8th September 2024

Jean Menssa, Chairperson of the Electoral Commission

The opposition National Democratic Congress (NDC), from its flagbearer, former President John Dramani Mahama, to senior and junior officers of the party, has been on a lying spree for some time now, making it obvious that the party intends to prosecute the 2020 campaign on lies and propaganda.

In most instances, the lies have been exposed by available facts and the institutions they have targeted to denigrate with their smear campaign strategy. Yet, the party, believing in the mantra of “lies, if constantly repeated, sound like truth”, appears not ready to change its style, with the National Identification Authority (NIA) and the Electoral Commission (EC) being the recent institutions to suffer from this calculated attempt to denigrate state institutions with falsehoods.

The party, last Thursday, accused the two institutions of conniving with the governing New Patriotic Party (NPP) to rig the 2020 general election for President Akufo-Addo and the governing party.

EC exposes lies

The National Chairman of the NDC, Samuel Ofosu Ampofo, addressing a press conference, claimed that majority of Ghanaians will have to swear an oath before they can take part in the EC’s upcoming voters’ registration exercise.

“Almost 11 million (constituting 62%) of eligible voters will have to go through the sworn oath option to be able to register for a Voters’ ID, if the EC’s illogical and wasteful decision to compile a needless new Voter’s Register for the 2020 general elections materializes,” the NDC Chairman claimed.

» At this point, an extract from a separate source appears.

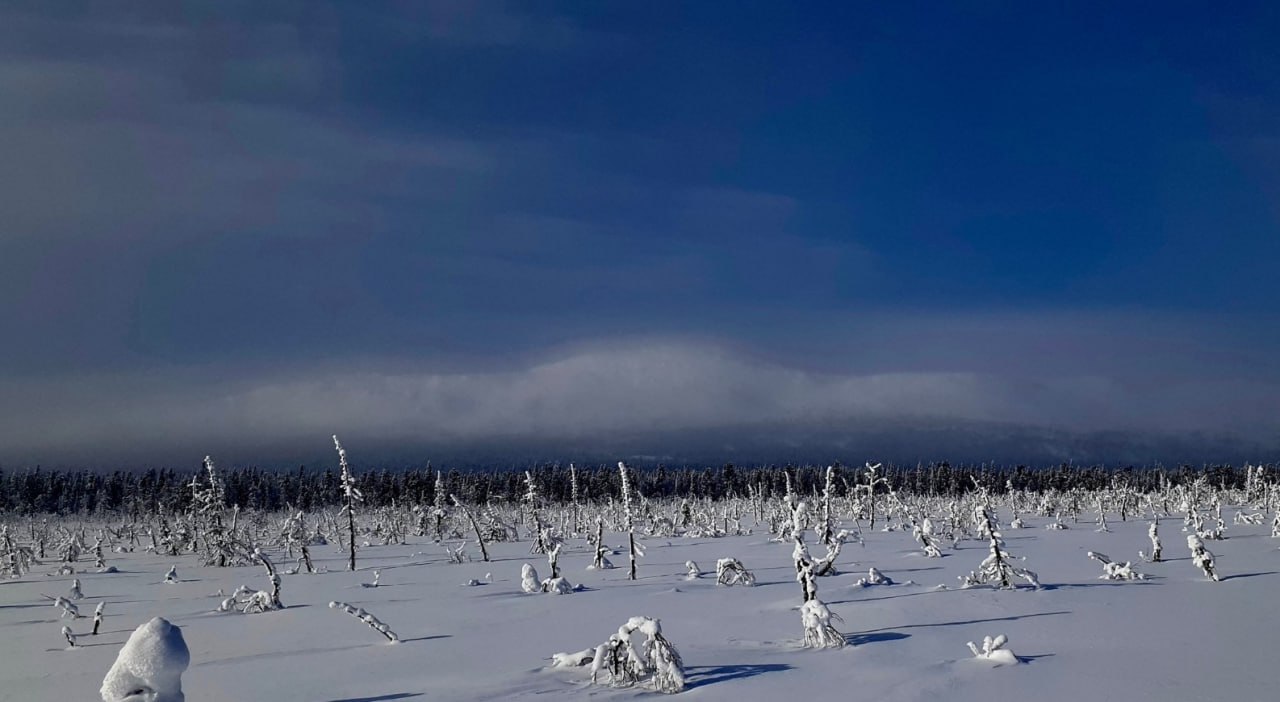 13 туристов на снегоходах потерялись в горах Прикамья Их ищут уже вторые сутки Группа из Екатеринбурга и Верхней Пышмы отправилась покорять 1119 метровую Ослянку еще 13 декабря но спустя несколько часов она перестала выходить на связь пишут местные СМИ Тургруппа не была зарегистрирована сообщили в МЧС Известно что в день инцидента у подножья главной вершины Среднего Урала была плохая видимость По одной из версий снегоходчики могли заблудиться Подпишитесь на Абзац TG VK Дзен MAX Rutube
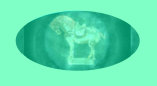 09050802_lost_in_space_robot_for_sale001012.jpg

But this, according to a statement signed by Mrs Sylvia Annoh (Mrs), Acting Director of Public Affairs of the EC, is a palpable falsehood.

“It is worthy to note that the Commission does not require the services of Commissioners of Oath during registration of voters as alluded to by Mr Ofosu-Ampofo,” the EC said in a response to the NDC’s press conference.

The EC, after disproving all the allegations peddled against them by the NDC, asked the public to reject the claims of the opposition party since it has been on a course of using lies to cause disaffection for the commission.

“The Electoral Commission is not oblivious of the calculated attempts by the NDC to repeatedly peddle untruths and falsehoods aimed at tarnishing its image and causing disaffection for it,” the EC said.

NIA

Also the NIA, in a seven-page document, responded to all the “lies” levelled against them by the NDC.

The Authority first denied any involvement in a plan to rig the 2020 general election, directing the NDC to take the appropriate step to stop any such move if it has any proof.

“Election rigging is a serious criminal matter with dire political, economic and social consequences for any nation. Any person, party or institution alleging such a criminal conspiracy has a duty to report same to the police and provide the requisite evidence to support investigations and/or prosecution,” the NIA said.

The NIA also wondered why the NDC Minority in Parliament supported the amendment of Section 8 of Act 750 to exclude voter ID cards, drivers’ licences and baptismal certificates as valid registration requirements for securing the Ghana Card only for the party to make a U-turn to accuse the NIA of perpetrating illegality.

“Indeed, as Hon. Inusah Fuseini put it, the MPs were satisfied that ample provision had been made in the Bill to cater for those Ghanaians who had neither a Birth Certificate nor a Passport, namely the ‘vouching for’ process, which allows for every undocumented Ghanaian to apply for and be issued a Ghana Card without producing a Birth Certificate or valid Passport. In these circumstances, the exclusion was both legal and legitimate, having been passed by the Ghanaian Parliament and on sound legal and social grounds,” the NIA said.

The NIA further disproved allegations by the NDC that the Authority mobilised unprecedented numbers of equipment and personnel in NPP’s strongholds as against the NDC’s.

The NIA stated that the concept of “strongholds” has never been in its contemplation or operational planning, adding the “figures used by NIA for setting its registration targets figures were obtained from the Statistical Service and not from the EC.”

On the claim by the NDC that the NIA had sought to disenfranchise potential voters in its strongholds, the Authority replied: “It must be emphasized that 50% of registration officials engaged by NIA were recruited from the regions where the registration exercise was being undertaken. It is hard to contemplate that such officials will condone an agenda to disenfranchise their compatriots as the NDC seeks to suggest.”